Czy samemu można zamontować diodowe paski do jazdy dziennej w samochodzie? Jeżeli tak, to jakie i w jaki sposób? Warto zapoznać się z obowiązującymi przepisami żeby uniknąć przykrych sytuacji na drodze.
W świetle obowiązujących przepisów dopuszcza się montowanie tzw. pasków z diodami lub innych dostępnych na rynku lamp świateł do jazdy dziennej w pojeździe samochodowym. Muszą one jednak spełniać odpowiednie normy. Policjanci zauważają, że jest z tym coraz większy problem. – Światła do jazdy dziennej mogą być używane tylko w warunkach dobrej widoczności – mówi podinsp. Tomasz Piaskowski, naczelnik wydziału ruchu drogowego z elbląskiej komendy. – W innej sytuacji tacy kierowcy są zatrzymywani i grozi za to mandat w wysokości od 20 do 500 zł.

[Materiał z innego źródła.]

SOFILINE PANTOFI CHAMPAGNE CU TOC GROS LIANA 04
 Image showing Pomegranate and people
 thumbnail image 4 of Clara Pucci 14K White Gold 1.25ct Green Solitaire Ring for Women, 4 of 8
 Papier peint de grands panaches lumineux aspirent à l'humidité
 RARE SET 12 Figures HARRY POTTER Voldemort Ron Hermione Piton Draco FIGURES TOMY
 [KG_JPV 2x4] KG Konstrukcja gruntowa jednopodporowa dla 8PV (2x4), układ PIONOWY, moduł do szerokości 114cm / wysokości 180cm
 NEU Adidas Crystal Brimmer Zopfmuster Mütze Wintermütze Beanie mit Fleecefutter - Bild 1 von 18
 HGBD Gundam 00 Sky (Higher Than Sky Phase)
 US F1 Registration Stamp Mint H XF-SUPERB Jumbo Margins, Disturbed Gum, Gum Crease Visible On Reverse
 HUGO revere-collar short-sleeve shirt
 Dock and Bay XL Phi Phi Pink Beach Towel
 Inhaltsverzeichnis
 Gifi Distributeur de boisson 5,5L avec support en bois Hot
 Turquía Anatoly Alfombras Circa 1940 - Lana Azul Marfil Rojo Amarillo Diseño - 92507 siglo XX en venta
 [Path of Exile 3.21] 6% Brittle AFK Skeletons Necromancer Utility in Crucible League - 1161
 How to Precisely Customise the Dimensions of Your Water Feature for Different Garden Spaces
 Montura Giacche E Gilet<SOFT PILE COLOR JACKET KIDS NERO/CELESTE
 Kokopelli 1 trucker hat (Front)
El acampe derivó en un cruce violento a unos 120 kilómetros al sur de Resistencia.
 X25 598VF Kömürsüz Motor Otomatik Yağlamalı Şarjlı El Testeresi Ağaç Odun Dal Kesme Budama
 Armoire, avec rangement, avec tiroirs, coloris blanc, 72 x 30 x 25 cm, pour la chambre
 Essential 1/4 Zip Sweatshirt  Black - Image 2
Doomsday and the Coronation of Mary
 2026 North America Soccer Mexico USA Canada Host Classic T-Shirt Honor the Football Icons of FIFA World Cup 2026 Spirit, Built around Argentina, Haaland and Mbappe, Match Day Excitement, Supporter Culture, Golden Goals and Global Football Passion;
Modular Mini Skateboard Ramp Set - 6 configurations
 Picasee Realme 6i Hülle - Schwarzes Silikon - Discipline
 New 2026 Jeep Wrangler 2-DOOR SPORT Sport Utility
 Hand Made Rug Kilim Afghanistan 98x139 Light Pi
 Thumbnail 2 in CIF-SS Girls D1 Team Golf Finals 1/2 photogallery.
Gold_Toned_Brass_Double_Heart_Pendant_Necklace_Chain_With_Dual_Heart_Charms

Sposób używania tych świateł, jasno określają przepisy. Przy pogorszonej widoczności w dzień (opady, pochmurno, mgła) należy przełączyć je na światła mijania – wskazuje. Jego zdaniem kierowcy decydują się na takie oświetlenie, bo wykonane z diod LED światła zużywają mniej energii, a są tak samo dobre, jak te z żarówkami. Kierowca jest zadowolony, że oszczędza, ale jeśli nie dostosuje oświetlenia do warunków na drodze lub miejsca np. w tunelu, to bardzo łatwo o wypadek. Jest bardzo wiele takich sytuacji.
Gdy kierowca montuje do swojego auta LED-y, musi wybrać takie z homologacją, by nie stracić dowodu rejestracyjnego podczas kontroli. Jednak nie wszystkie lampy, zwłaszcza tanie, są odpowiedniej jakości, nawet jeśli mają znak homologacji.
Warto wiedzieć
Przy zakupie konkretnych lamp do jazdy dziennej, należy zwrócić uwagę na ich oznaczenie. Lampa powinna być oznakowana symbolem homologacji „E” lub „e” oraz numerem, ewentualnie cechami producenta lub dostawcy pojazdu, na który wystawiono krajowe świadectwo homologacji typu pojazdu. Ostatecznie może być oznakowana znakiem zgodności, zgodnie z przepisami o systemie oceny zgodności i akredytacji.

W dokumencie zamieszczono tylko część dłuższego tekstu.